The records: Begin

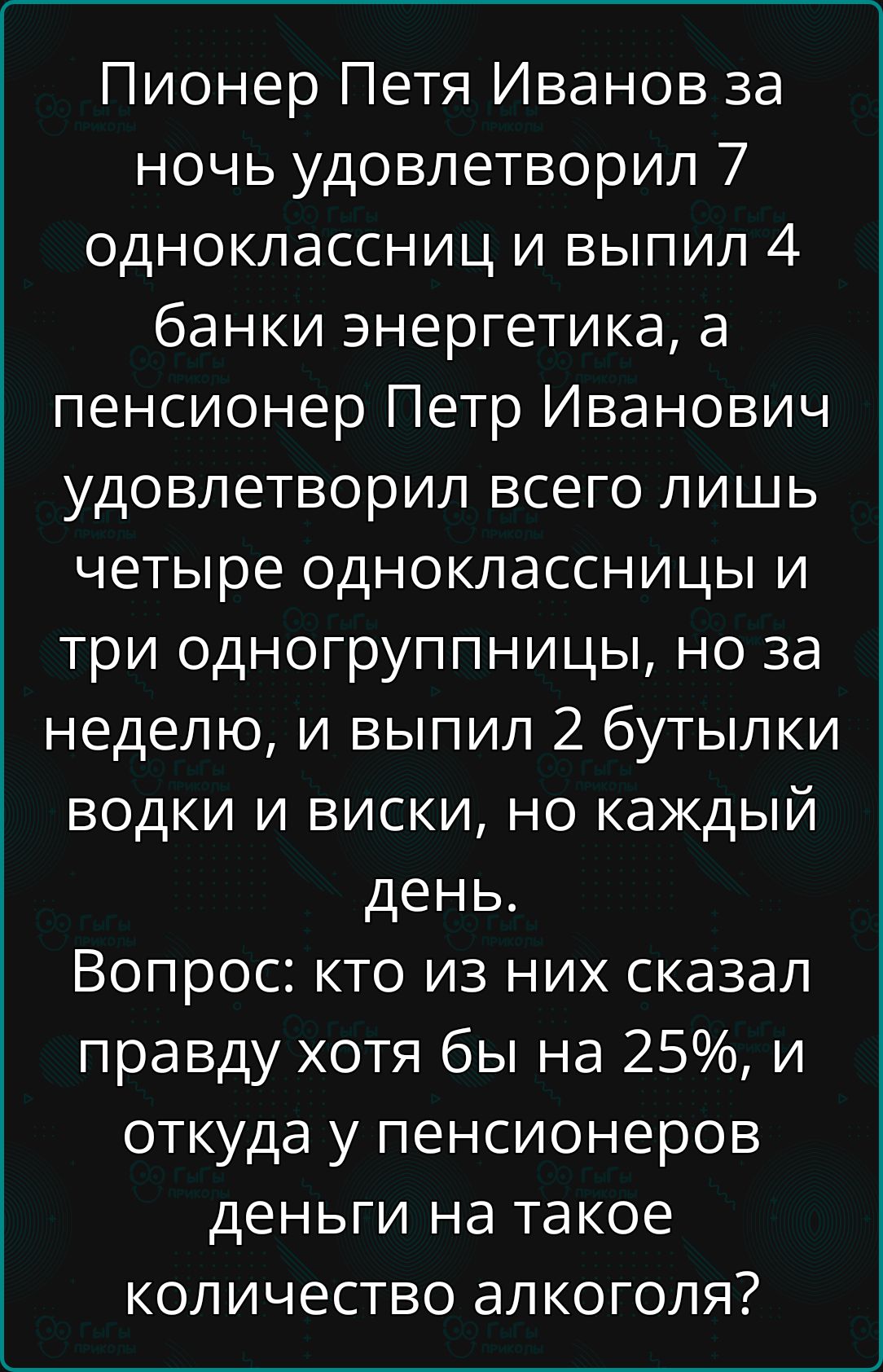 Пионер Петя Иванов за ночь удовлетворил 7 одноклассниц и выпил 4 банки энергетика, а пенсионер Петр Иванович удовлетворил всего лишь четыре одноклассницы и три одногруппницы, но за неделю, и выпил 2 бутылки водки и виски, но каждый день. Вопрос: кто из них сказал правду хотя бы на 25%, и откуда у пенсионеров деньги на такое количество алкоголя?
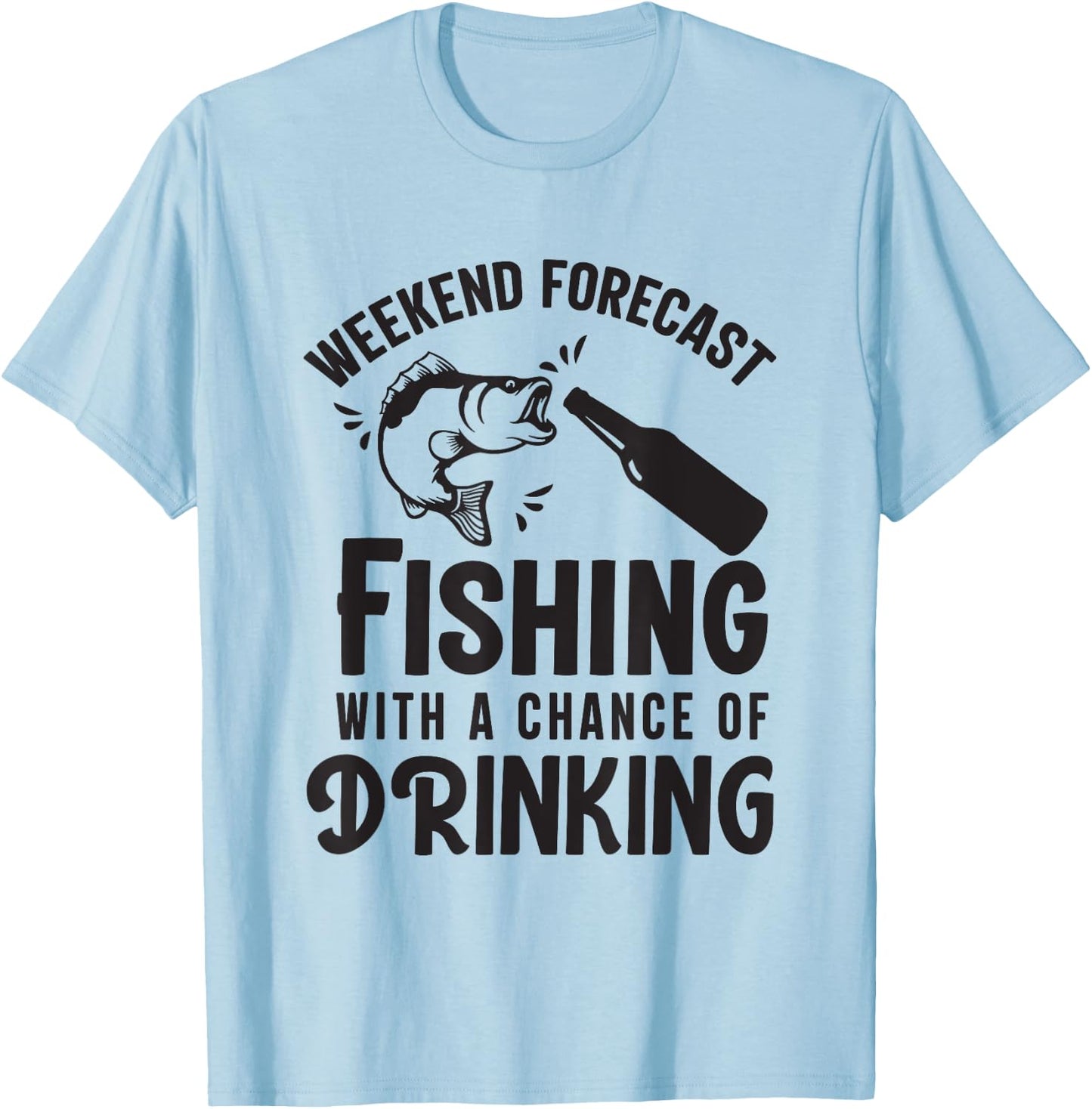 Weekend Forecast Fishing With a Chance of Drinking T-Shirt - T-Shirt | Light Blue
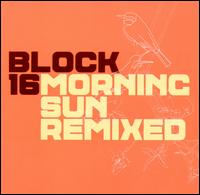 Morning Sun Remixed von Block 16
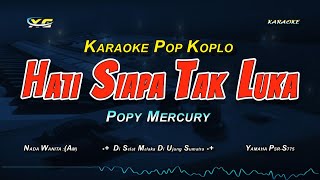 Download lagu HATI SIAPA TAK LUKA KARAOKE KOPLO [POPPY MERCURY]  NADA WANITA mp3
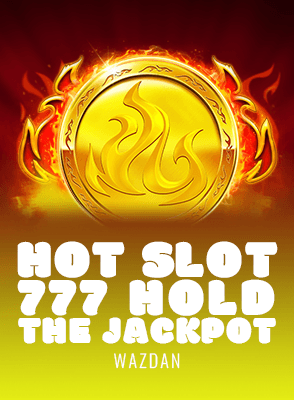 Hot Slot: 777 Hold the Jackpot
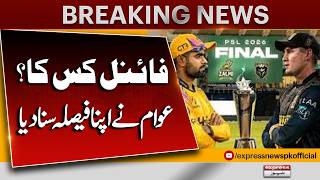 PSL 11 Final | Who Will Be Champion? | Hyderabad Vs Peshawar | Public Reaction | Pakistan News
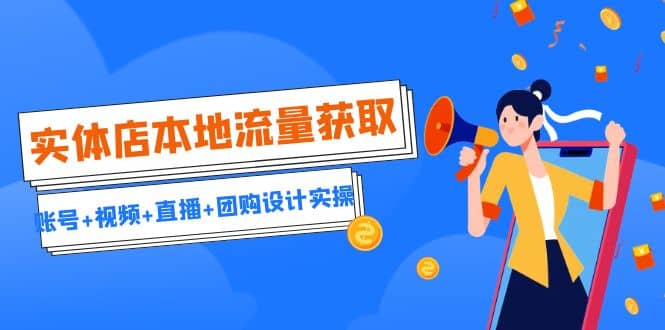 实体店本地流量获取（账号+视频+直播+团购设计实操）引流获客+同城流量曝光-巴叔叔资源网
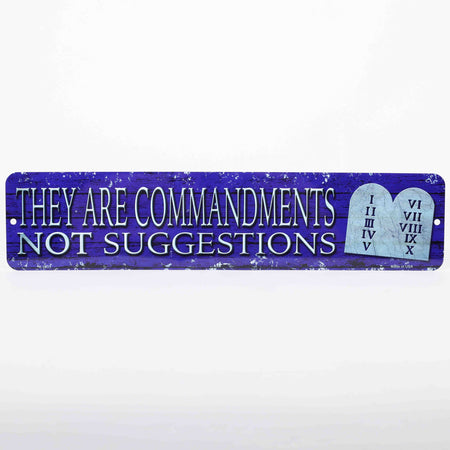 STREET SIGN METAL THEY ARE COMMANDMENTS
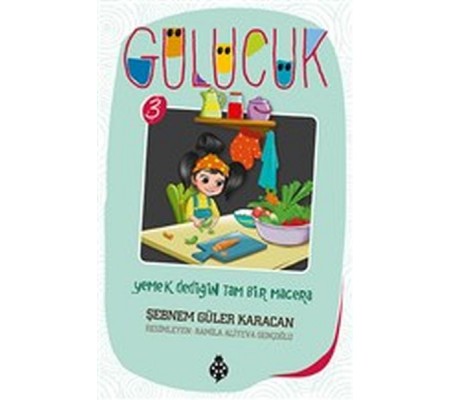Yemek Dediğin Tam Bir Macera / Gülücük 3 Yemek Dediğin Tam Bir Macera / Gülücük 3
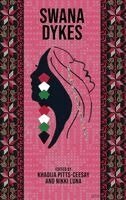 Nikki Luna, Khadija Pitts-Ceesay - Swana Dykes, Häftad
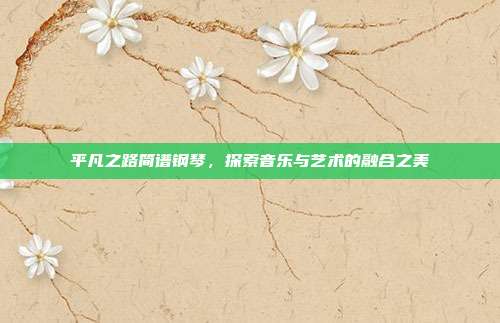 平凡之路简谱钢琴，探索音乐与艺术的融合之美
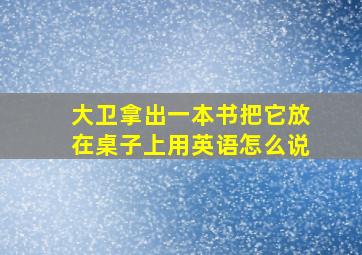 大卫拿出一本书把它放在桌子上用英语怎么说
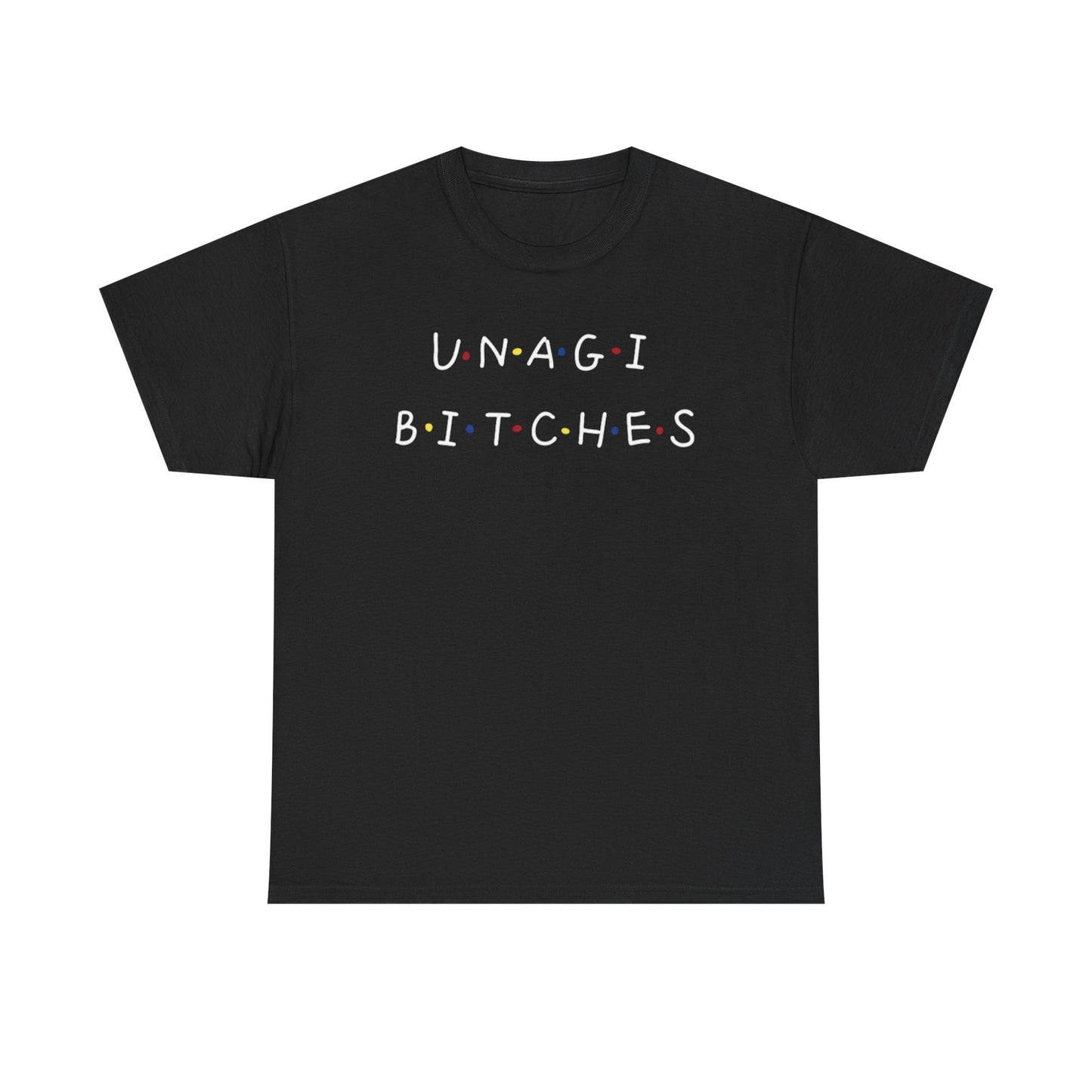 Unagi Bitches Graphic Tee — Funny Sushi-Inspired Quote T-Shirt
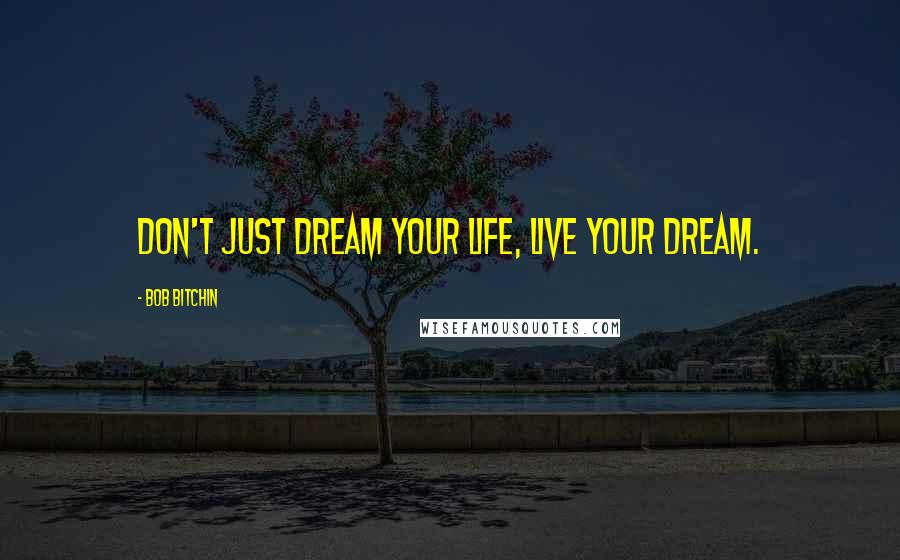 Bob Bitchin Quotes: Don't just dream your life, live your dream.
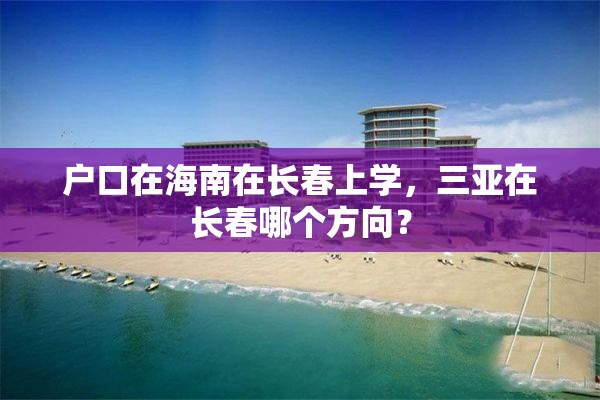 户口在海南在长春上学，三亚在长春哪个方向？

The records: End

Each entry should be repeated exactly as it appears; the pictures stay out.

● Exercise output
 Пионер Петя Иванов за ночь удовлетворил 7 одноклассниц и выпил 4 банки энергетика, а пенсионер Петр Иванович удовлетворил всего лишь четыре одноклассницы и три одногруппницы, но за неделю, и выпил 2 бутылки водки и виски, но каждый день. Вопрос: кто из них сказал правду хотя бы на 25%, и откуда у пенсионеров деньги на такое количество алкоголя?
 Weekend Forecast Fishing With a Chance of Drinking T-Shirt - T-Shirt | Light Blue
 Morning Sun Remixed von Block 16
 Download lagu HATI SIAPA TAK LUKA KARAOKE KOPLO [POPPY MERCURY]  NADA WANITA mp3
 Hot Slot: 777 Hold the Jackpot
 PSL 11 Final | Who Will Be Champion? | Hyderabad Vs Peshawar | Public Reaction | Pakistan News
 实体店本地流量获取（账号+视频+直播+团购设计实操）引流获客+同城流量曝光-巴叔叔资源网
 STREET SIGN METAL THEY ARE COMMANDMENTS
Yemek Dediğin Tam Bir Macera / Gülücük 3 Yemek Dediğin Tam Bir Macera / Gülücük 3
 Nikki Luna, Khadija Pitts-Ceesay - Swana Dykes, Häftad
 平凡之路简谱钢琴，探索音乐与艺术的融合之美
 大卫拿出一本书把它放在桌子上用英语怎么说
 Unagi Bitches Graphic Tee — Funny Sushi-Inspired Quote T-Shirt
 Bob Bitchin Quotes: Don't just dream your life, live your dream.
 户口在海南在长春上学，三亚在长春哪个方向？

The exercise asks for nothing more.